But the best part of planning the fall garden? Why, selecting what you're going to grow, of course! My friends asked what I planned to grow this fall, but at the time I hadn't selected the varieties. Now, though, the seeds have arrived and are anxiously awaiting their new home! Everything I've ordered is heirloom and organic, and some of the varieties are just ridiculously beautiful. Here's what's going in the fall garden:
Forellenschluss (My favorite—I love its beautiful speckling, plus it's crispy and delicious.)
Grandpa Admire's (Another favorite that's on Slow Food USA's Ark of Taste.)
Merveille des Quatre Saisons (I just love saying the name in my high school French accent.)
Bloomsdale Long Standing
Red Malabar (which isn't spinach, really...but it's a beautiful vining green with red stems, so I'm excited to add it to the garden.)
Ching Chang Bok Choy
Chinese Pak Choy
Cour di Bue
Five Color Silverbeet
Chinese White Flowered
Blue Podded Blauwschokkers
Golden Sweet Snow
Sugar Ann Snap
Early Scarlet Globe
Beets (I'm embarrassed to say—I've never grown beets. Can't wait to try these!)
Bleu de Solaise
I'll also grow some Brussels sprouts for Peter, but I'll most likely buy transplants for those. For whatever reason, I have a tough time getting them started from seed, and I have a source locally where I can get organic Brussels sprouts plants.
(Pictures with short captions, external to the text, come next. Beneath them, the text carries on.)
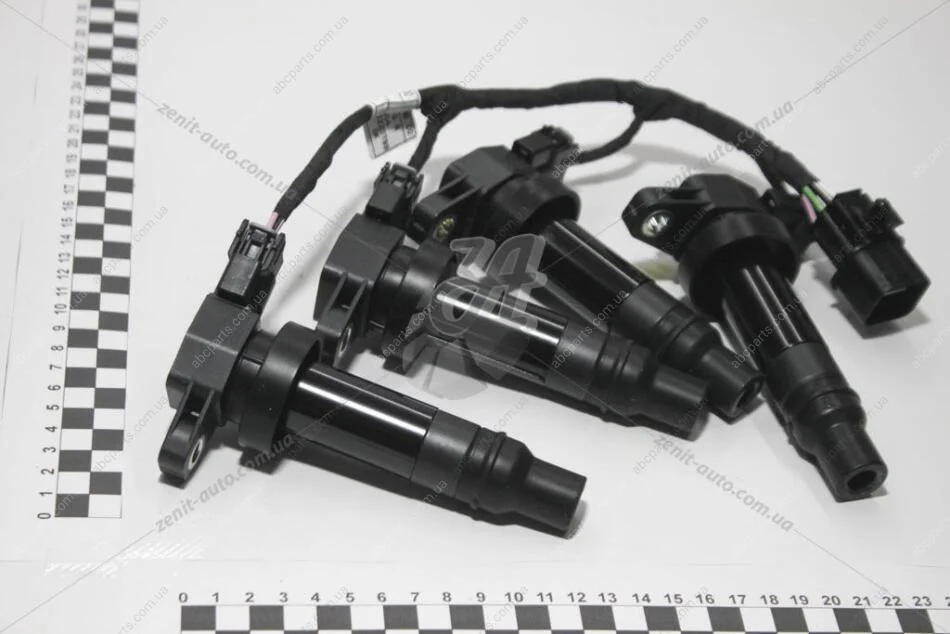 Катушка зажигания (комлект 4шт+проводка) Mobis Hyundai/Kia/Mobis 27300-2B000 (фото 1)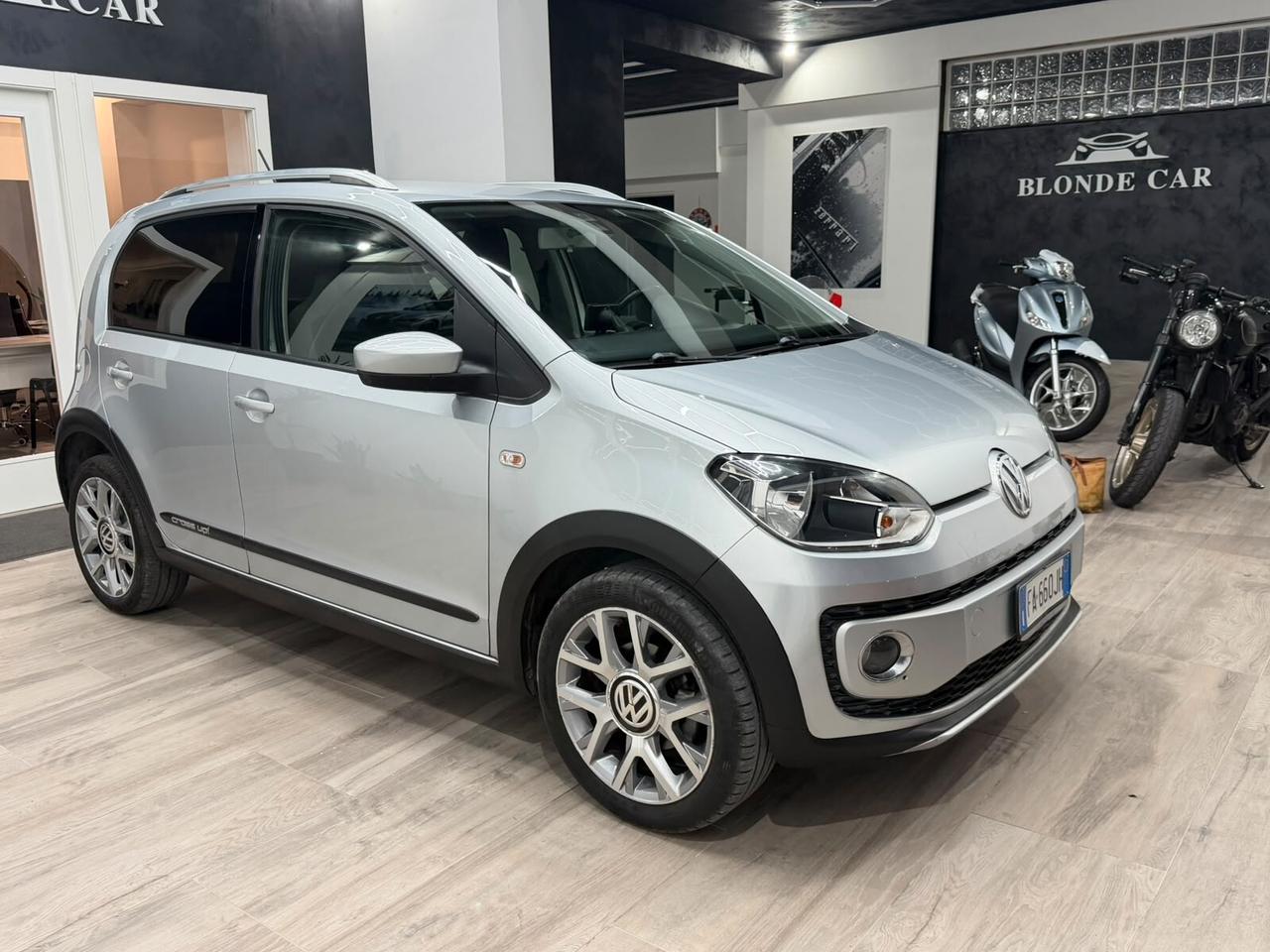 Volkswagen up! 1.0 75 CV 5p. cross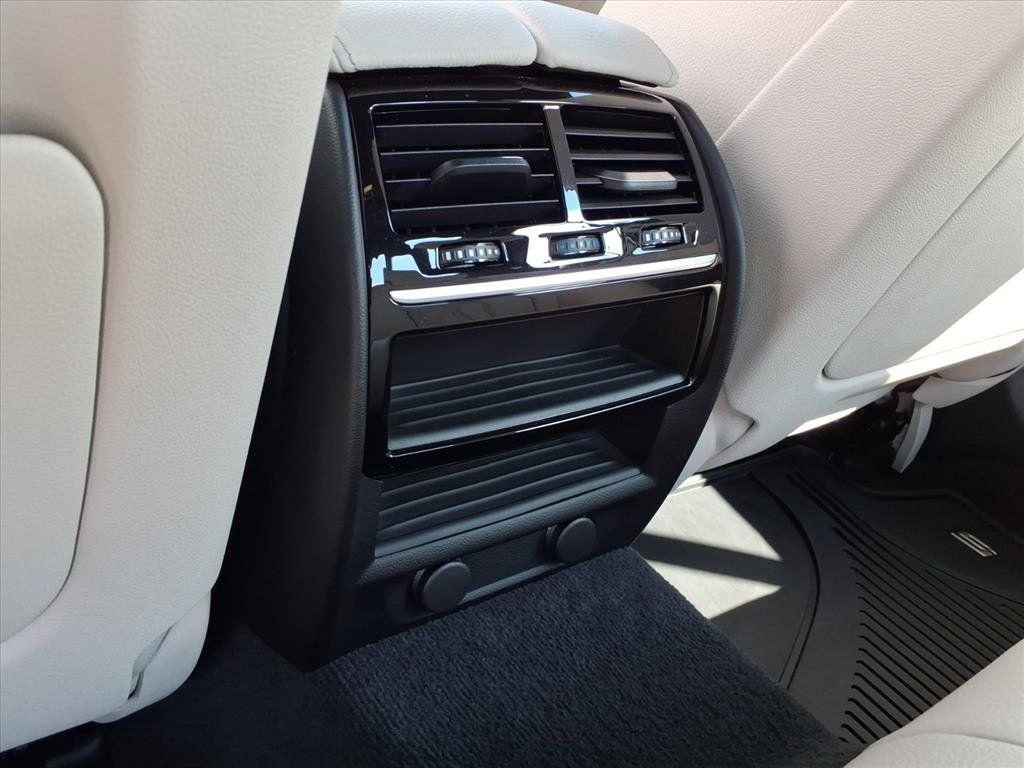 Used 2019 BMW 530i w/ Convenience Package RWD image 15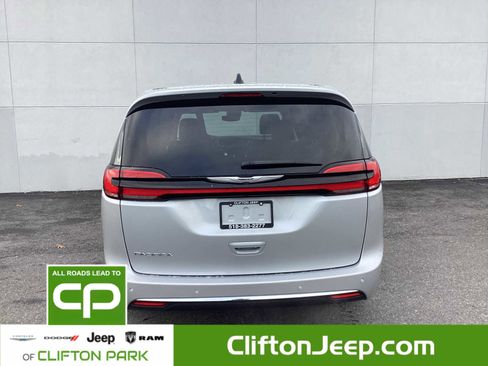 Certified 2024 Chrysler Pacifica Touring-L image 7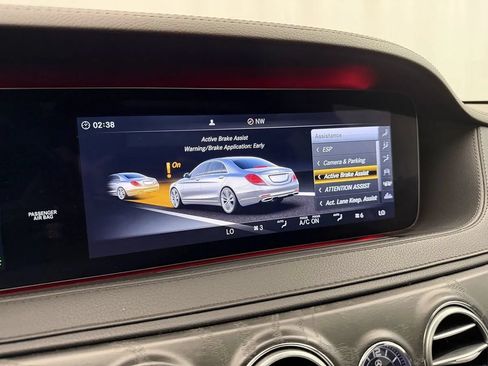 Used 2018 Mercedes-Benz S 560 4MATIC Sedan image 24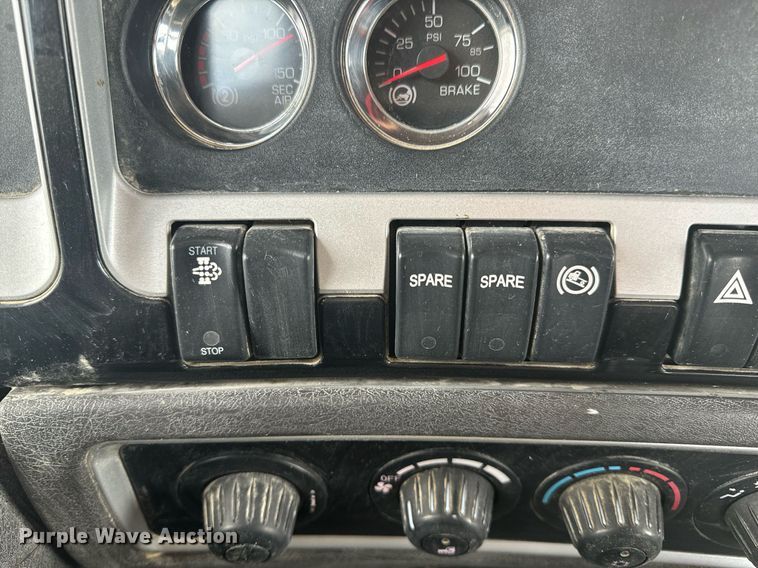 image for item EH6508 2012 Kenworth T800 semi truck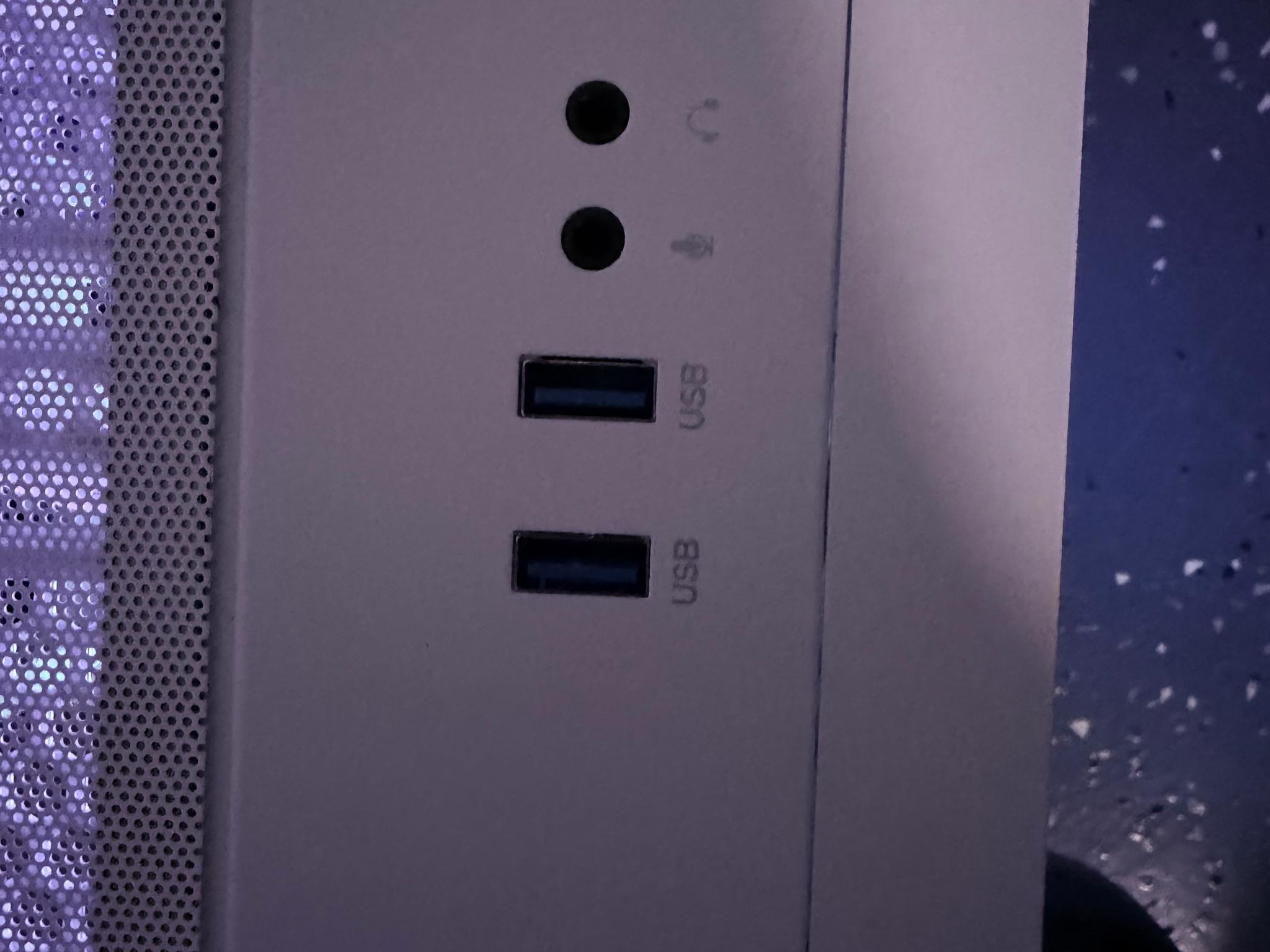 ❄️"Arctic Pearl"⚪️| 1440p Gaming | Ryzen 5 7500X3D | RTX 5060 | 16GB DDR5 Ram | 1TB NVMe SSD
Oddly absent from our southern garden—collards. I know, I know—how can I be a southern gardener without collards? For whatever reason, we just don't eat collards. Maybe it's my Yankee upbringing coming out. Can anyone give me a good endorsement for collards and why I should try them?
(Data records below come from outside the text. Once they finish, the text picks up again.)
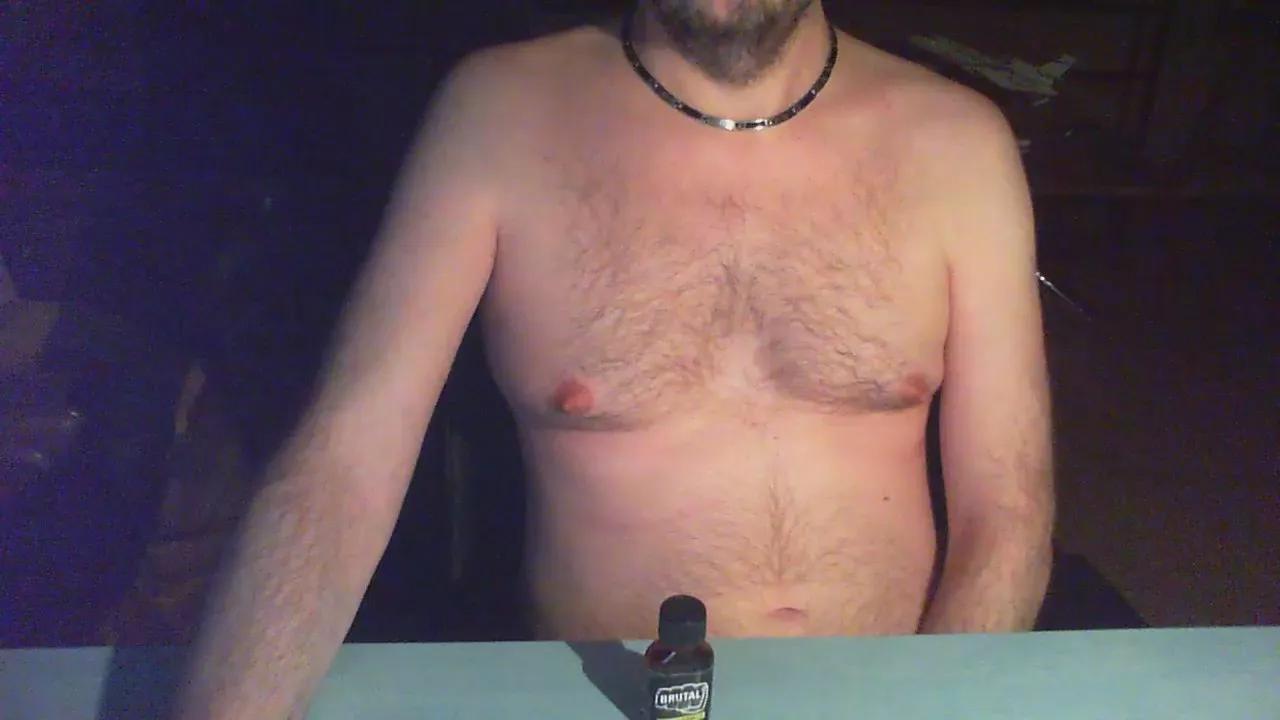 parisbtm92 on Cam4 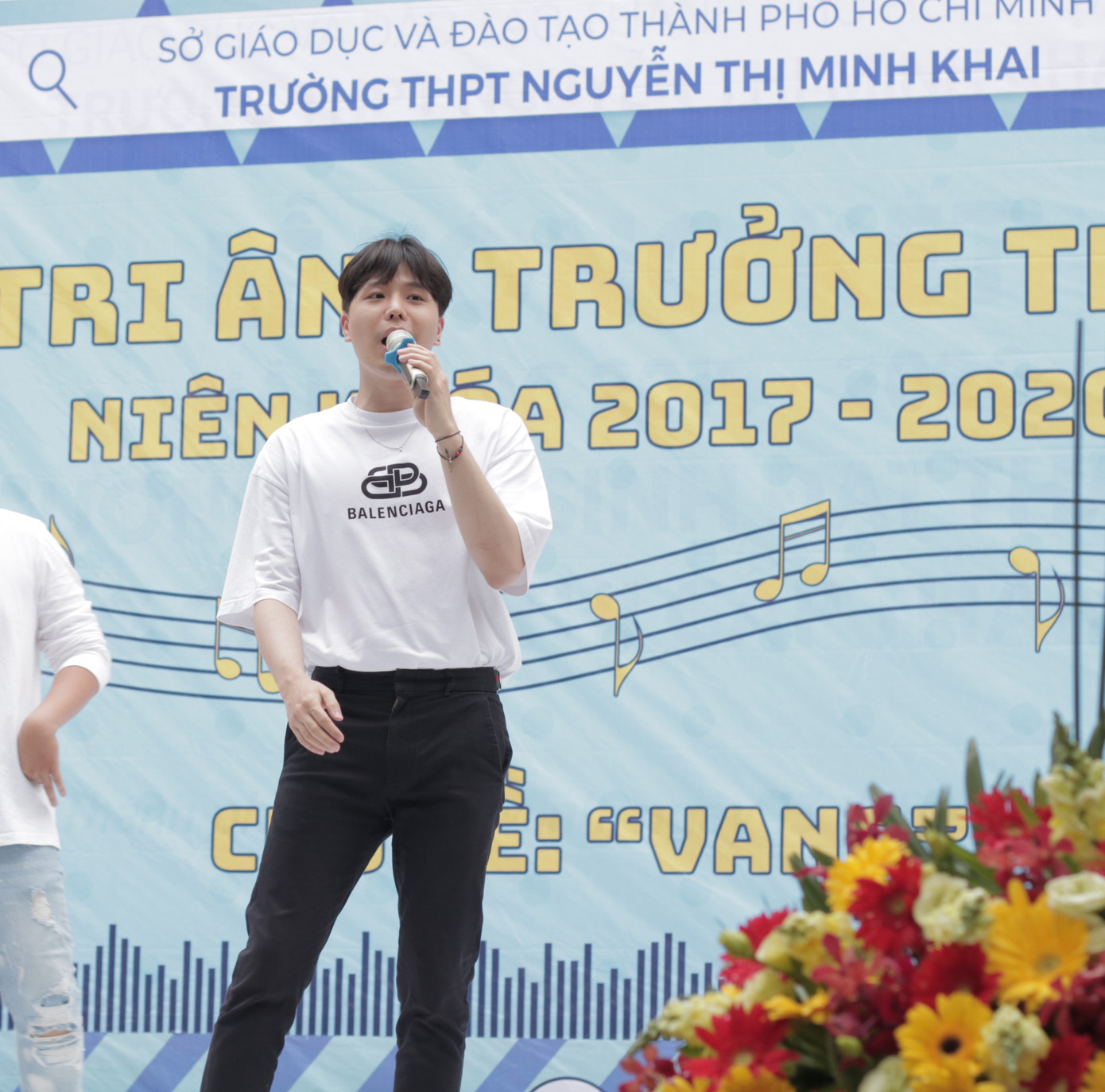 Teen MIKI tri ân mái trường trăm tuổi: Tạm biệt thanh xuân, “chuyến tàu” 1720 xin rời bánh ảnh 4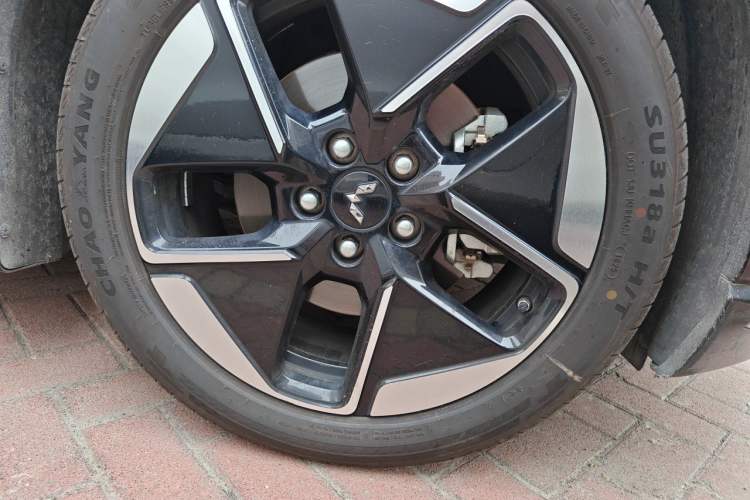 Used Wuling Xingguang 2023 150 Advanced Edition Right Front Wheel Hub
I haven't ordered my garlic and shallots yet—and I need to do that soon. Many varieties of garlic sell out early, so that's definitely on my to-do list. Usually, I dedicate one raised bed to garlic and plant about five varieties. We use a lot of garlic!
Besides planting the beds in the large kitchen garden, I'm starting seedlings for the potager, as well as for some containers. I'm also planning to incorporate some fall edibles into the front gardens. Personally, I've never liked ornamental cabbages, but I find edible combinations, like kale and violas, or the rainbow colors of Swiss chard alone, really beautiful. We'll see how it turns out! I'll keep you posted.
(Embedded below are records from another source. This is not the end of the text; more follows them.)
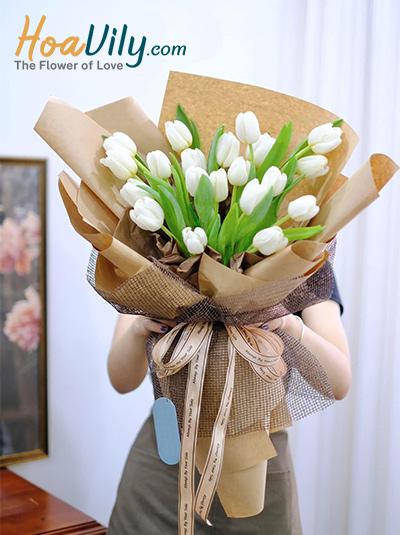 Bó hoa tulip trắng - Gió mây dẫn lối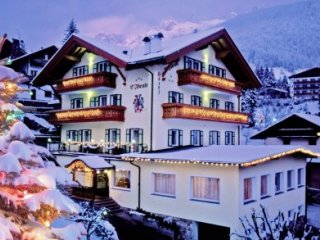 Hotel L´Ideale - Dolomiti Superski - Itálie, Alpe Lusia, San Pellegrino - Tre Valli - Lyžařské zájezdy
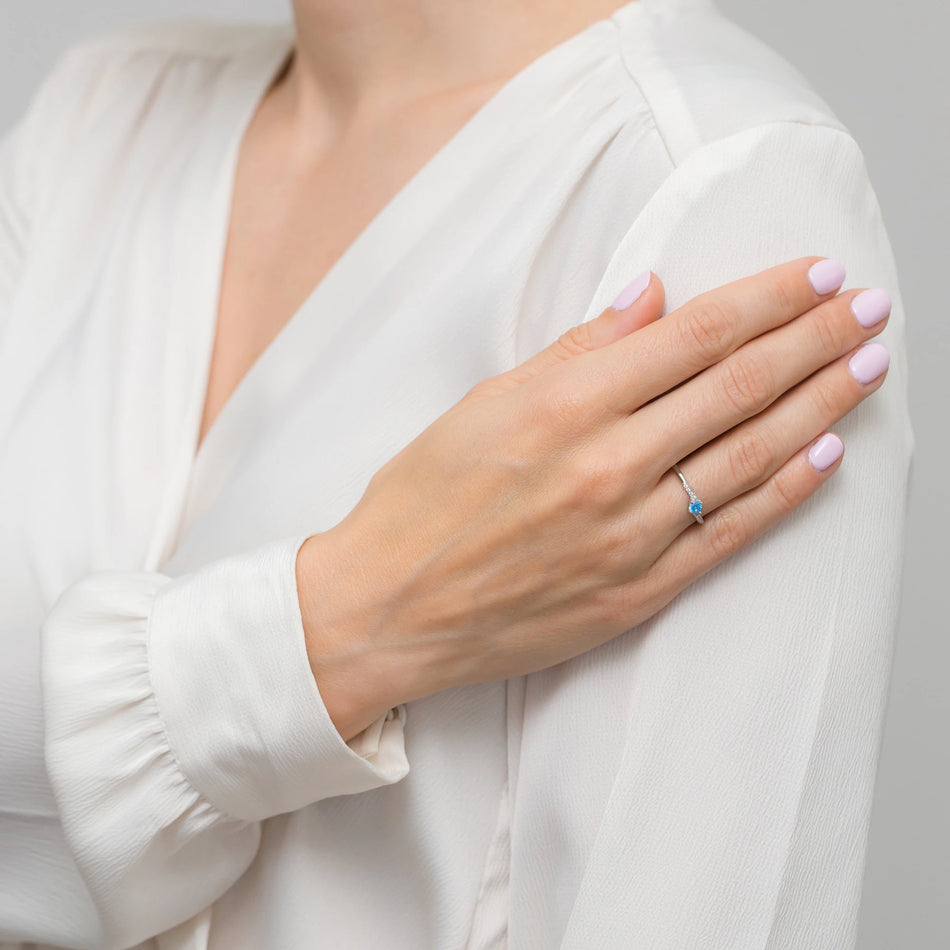 Stříbrný prsten se zirkony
I also need to check my mini hoops from last year to make certain the plastic isn't torn. In our zone 7b garden, these little low tunnels (which cost a whopping $10 for materials) provide enough protection from the cold to keep most of our crops producing throughout the winter. I also cover the potager with plastic when we have a freeze warning, but I already know I need to replace that plastic cover. The fencing gouged big holes in the plastic due to the weight of rain on the cover. (Note to self: remove the plastic before a rain!)
With a little preplanning and preparation, we'll be enjoying lovely harvests from the garden all winter.
Have you planned your fall garden? What are you most looking forward to growing in the cool weather?
Hope you enjoy a wonderful holiday weekend!